I created a tool called WordPress Auto Publisher that extracts content from a Word document and uploads it to a user’s WordPress blog. One thing I had to include was extraction of images from a document to then upload to my customers’ blog, because images improve any blog post. I found lots of information about adding an image when building a docx document, but not a lot on extracting images and storing them to disk. I’ve decided to create a series of posts that help developers work with OpenXML, C# and Word files. This one will show you how to extract multiple images and save them to your hard drive.
Prerequisites
I’m using Visual Studio 2015, but this should work with any Visual Studio version. The great thing about OpenXML is that you don’t need Word or Microsoft Office installed on your computer to create docx files, extract any content, or edit documents. OpenXML treats Office documents as standard XML, except it has methods and properties specific to Office files.
You need the OpenXML Nuget package added to the references section of your project. Open Nuget Package Manager from the “Tools” menu and do a search for OpenXML. Install DocumentFormat.OpenXml by Microsoft in the list of Nuget packages and add the following using statements to your code file.
using DocumentFormat.OpenXml.Wordprocessing; using DocumentFormat.OpenXml.Packaging; using System.Drawing.Imaging; using System.IO; using System.Drawing;
The System.Drawing.Imaging package is not a part of OpenXML. It comes with .NET, but make sure System.Drawing is in the References section of your project. You’ll probably need to add it as a reference before you can use the library.
Microsoft Word and OpenXML Formatting
As of Office 2007, Microsoft stores files in XML. The XML can get pretty complex, but it’s basically your standard XML. A lot of times, you’d like to see the XML behind a Word document. There is a hack to see it.
- Make a copy of a Word document and store it on your hard drive.
- Rename the file and give it the extension “.zip.” (Windows will warn you about changing the extension, but change it anyway)
- Double-click the zip file, and open the “word” directory embedded in the zip file.
- Double-click the document.xml file to see the XML.
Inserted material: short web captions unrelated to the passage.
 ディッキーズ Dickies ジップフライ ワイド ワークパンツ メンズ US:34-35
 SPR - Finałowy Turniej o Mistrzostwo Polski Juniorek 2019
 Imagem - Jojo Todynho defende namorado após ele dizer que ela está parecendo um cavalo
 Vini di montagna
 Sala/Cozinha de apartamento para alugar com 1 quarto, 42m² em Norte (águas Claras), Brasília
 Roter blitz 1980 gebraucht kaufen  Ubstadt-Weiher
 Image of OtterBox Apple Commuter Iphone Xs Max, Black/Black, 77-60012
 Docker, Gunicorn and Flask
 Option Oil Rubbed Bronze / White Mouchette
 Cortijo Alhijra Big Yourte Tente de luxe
Here is a part of a Word document and its XML that has an embedded image.
Before you can start programming with OpenXML, it’s important to know basic formatting. A Word document is broken down into paragraphs that are further made up of runs. Runs contain the content of a paragraph. One paragraph can be made up of several runs. For the most part, each run is composed of segments of formatted text. For instance, if you have two words in a paragraph and one is standard text and the other is bold text, there would be two runs in the one paragraph.
When you loop through and parse a Word document, you have two main loops. The outer loop goes through each paragraph, and the inner loop goes through each run within each paragraph. You then detect if any special component is included in the run such as an image, bold text, italic text, hyperlinks, etc. In this article, we’ll detect if there is an image in the run.
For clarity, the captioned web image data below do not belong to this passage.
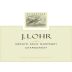 J. Lohr Estates Riverstone Chardonnay 2020 Front Label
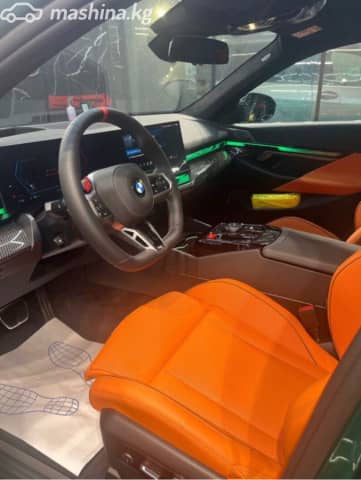 BMW M5 VII (G90) 4.4hyb AT 4WD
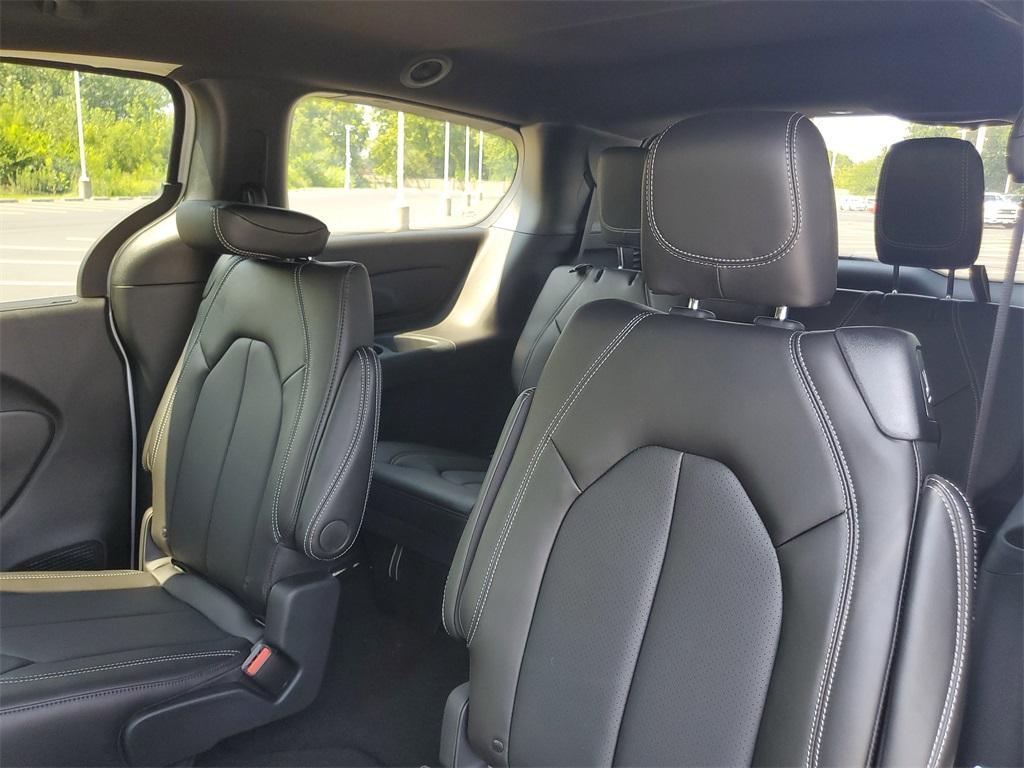 new 2026 Chrysler Voyager car, priced at $38,808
In the image above, you can see that we have two <w:p> tags. This is the tag for paragraphs. <w:r> is a run. We’ll get into the other formats in later series articles.
Extracting Images
For this example, I set up a WPF Windows desktop project and installed the Nuget OpenXML package from Microsoft. I created a button to initiate the extraction. Here is my button click event method.
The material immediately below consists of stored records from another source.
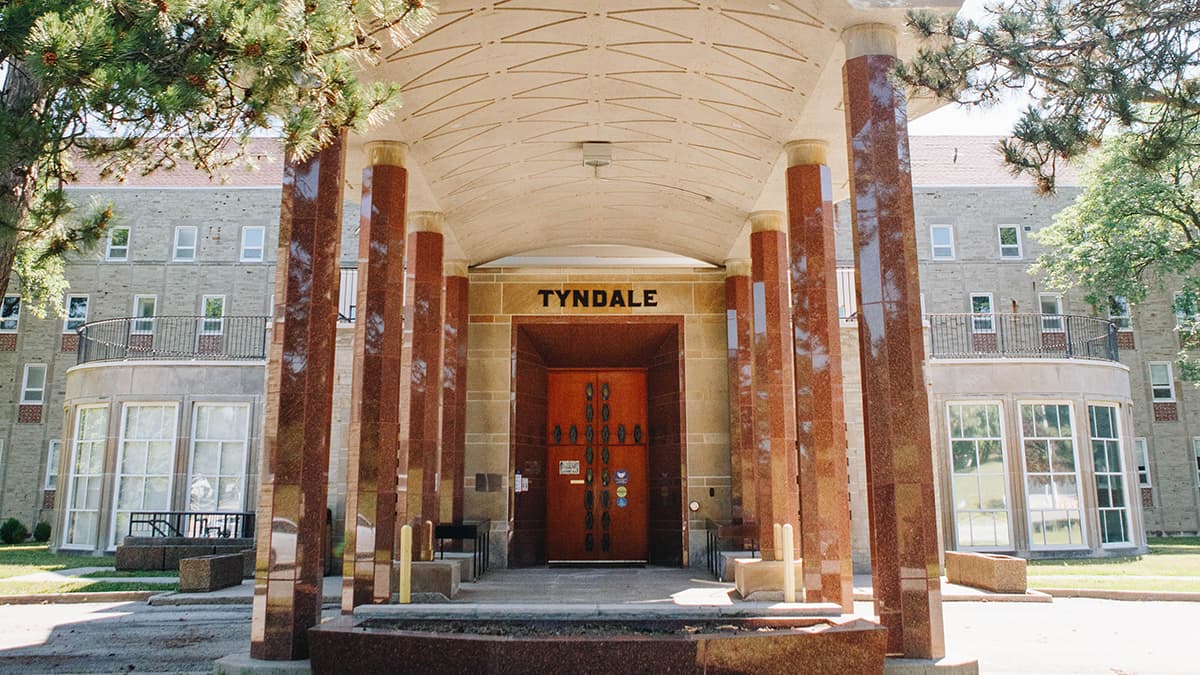 tyndale university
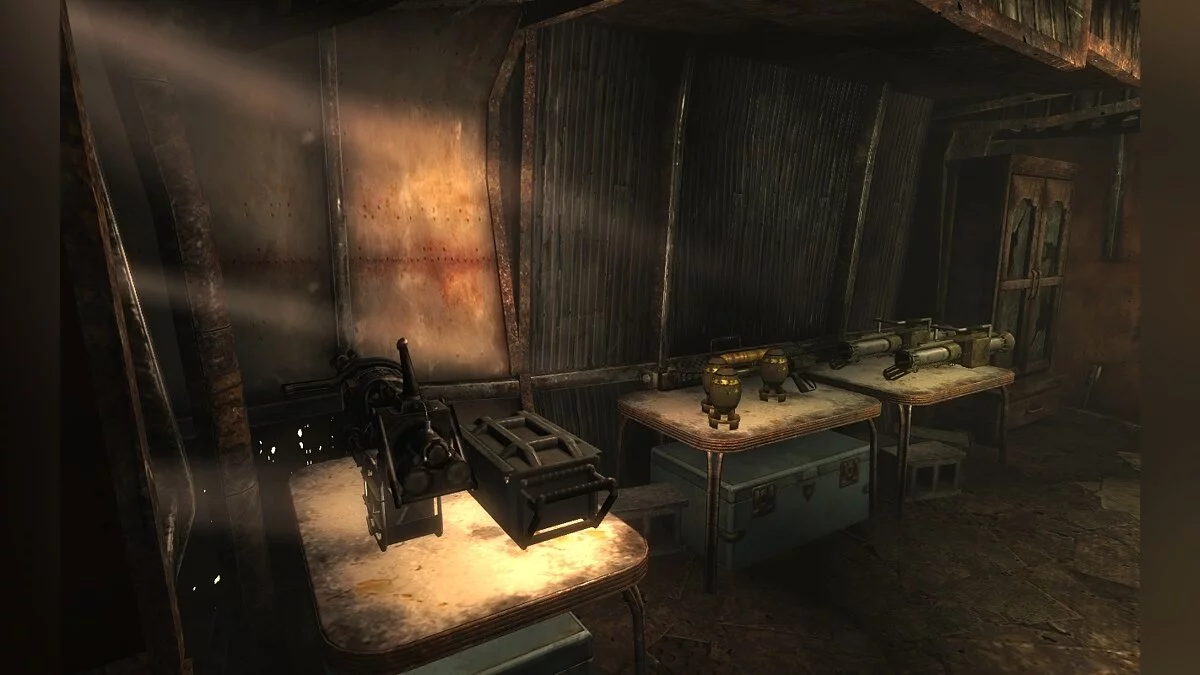 Fallout 4: Game of the Year Edition — Дом и арсенал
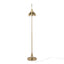Emery - Contemporary Metal Floor Lamp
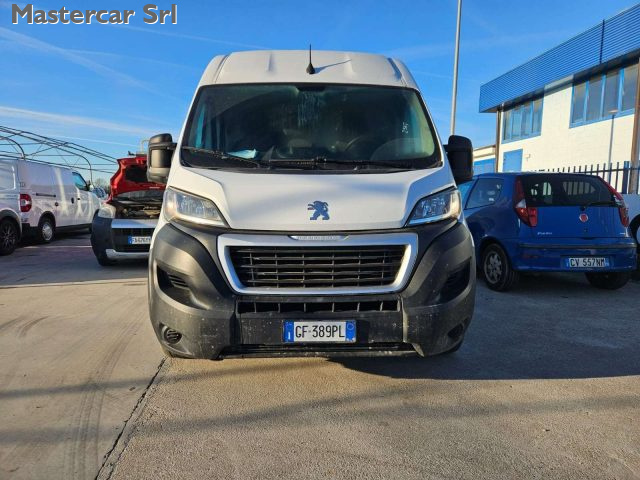 PEUGEOT Boxer usata, con Airbag Passeggero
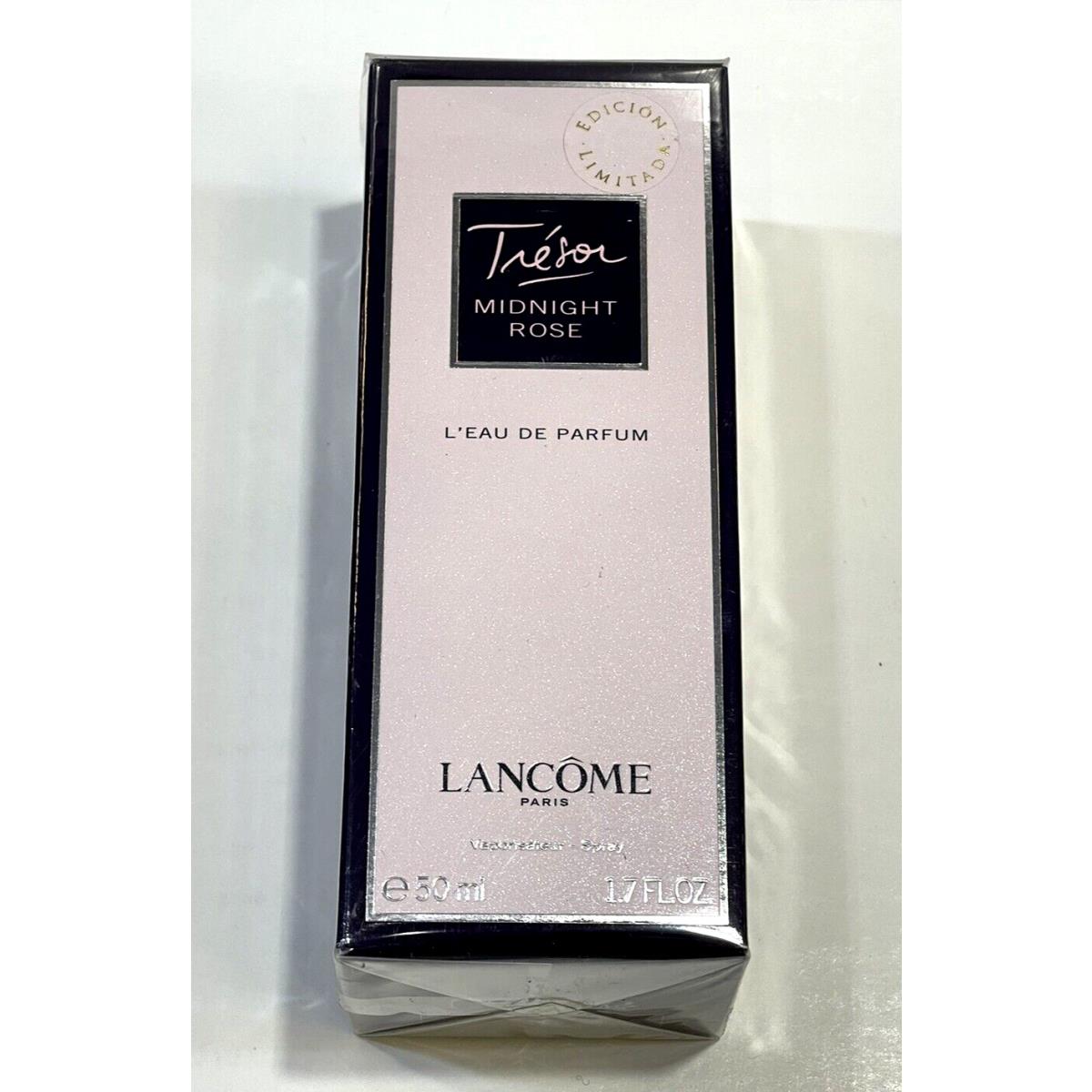 Lancome Tresor Midnight Rose L Eau de Parfum 1.7oz / 50mL For Women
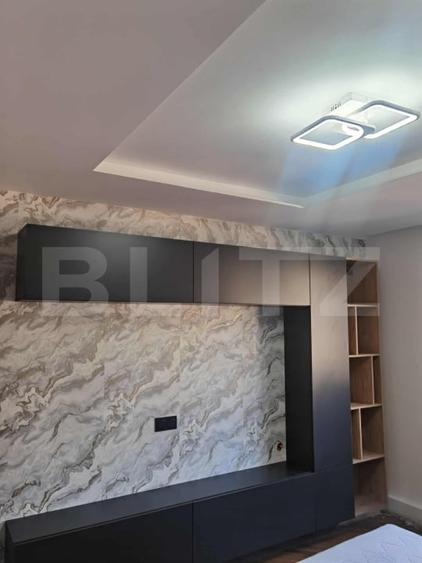 Apartament cu 2 camere decomandat, mobilat în Cloșca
private void button_Click(object sender, RoutedEventArgs e) { FileStream fs = new FileStream(System.IO.Path.GetDirectoryName(Process.GetCurrentProcess().MainModule.FileName) + @"\TestFiles\testfileimage.docx", FileMode.Open); Body body = null; MainDocumentPart mainPart = null; using (WordprocessingDocument wdDoc = WordprocessingDocument.Open(fs, false)) { mainPart = wdDoc.MainDocumentPart; body = wdDoc.MainDocumentPart.Document.Body; if (body != null) { ExtractImages(body, mainPart); } } fs.Flush(); fs.Close(); }
I’m using FileStream which is a part of the System.IO namespace. It opens the file for us, and then we can use the opened file and pass it to the WordprocessingDocument class. This loads it into a class that makes it much easier for you to parse through docx documents. The “GetDirectoryName” method gets the running application’s directory, so it doesn’t matter where this application runs. We can get the folder and files from the current directory and its subdirectories.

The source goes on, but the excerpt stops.